» Data block

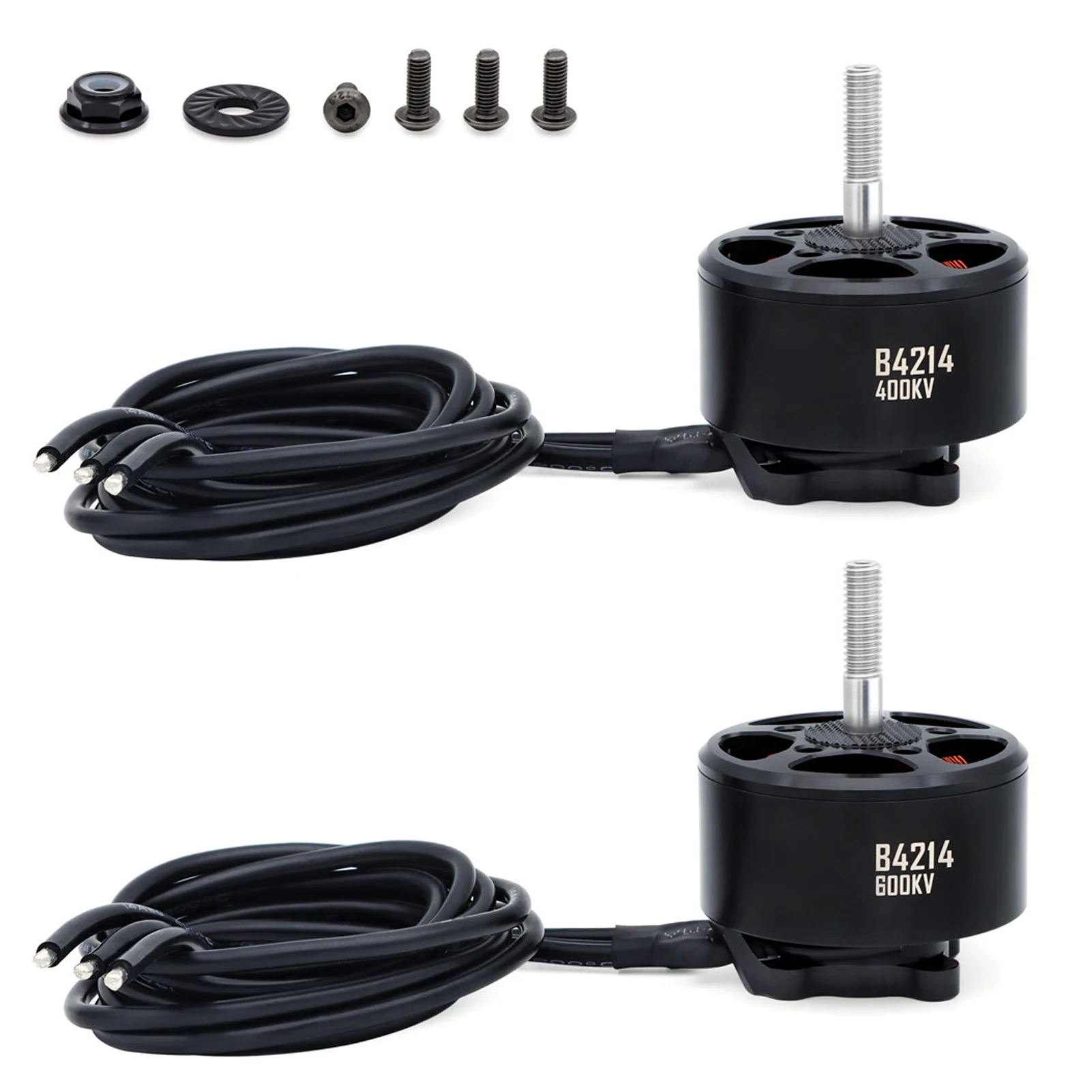 Бесщеточный двигатель Outrunner, 14-полюсный, с валом M6,0 мм, силиконовый провод 14AWG, 670 мм для квадрокоптера с дистанционным управлением
Бесщеточный двигатель Outrunner, 14-полюсный, с валом M6,0 мм, силиконовый провод 14AWG, 670 мм для квадрокоптера с дистанционным управлением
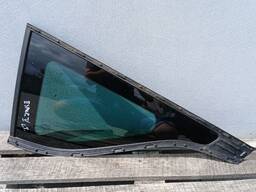 833073624R Скло глухе заднє ліве оригінал Renault Espace V 5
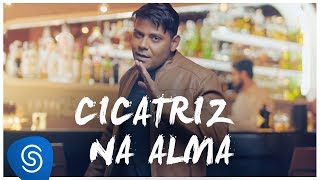 Pablo - Cicatriz na Alma (Clipe Oficial) chords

» Exercise description
Return the listing above in full and unaltered. Keep the pictures out.

» Completed exercise
 Бесщеточный двигатель Outrunner, 14-полюсный, с валом M6,0 мм, силиконовый провод 14AWG, 670 мм для квадрокоптера с дистанционным управлением
Бесщеточный двигатель Outrunner, 14-полюсный, с валом M6,0 мм, силиконовый провод 14AWG, 670 мм для квадрокоптера с дистанционным управлением
 833073624R Скло глухе заднє ліве оригінал Renault Espace V 5
 Pablo - Cicatriz na Alma (Clipe Oficial) chords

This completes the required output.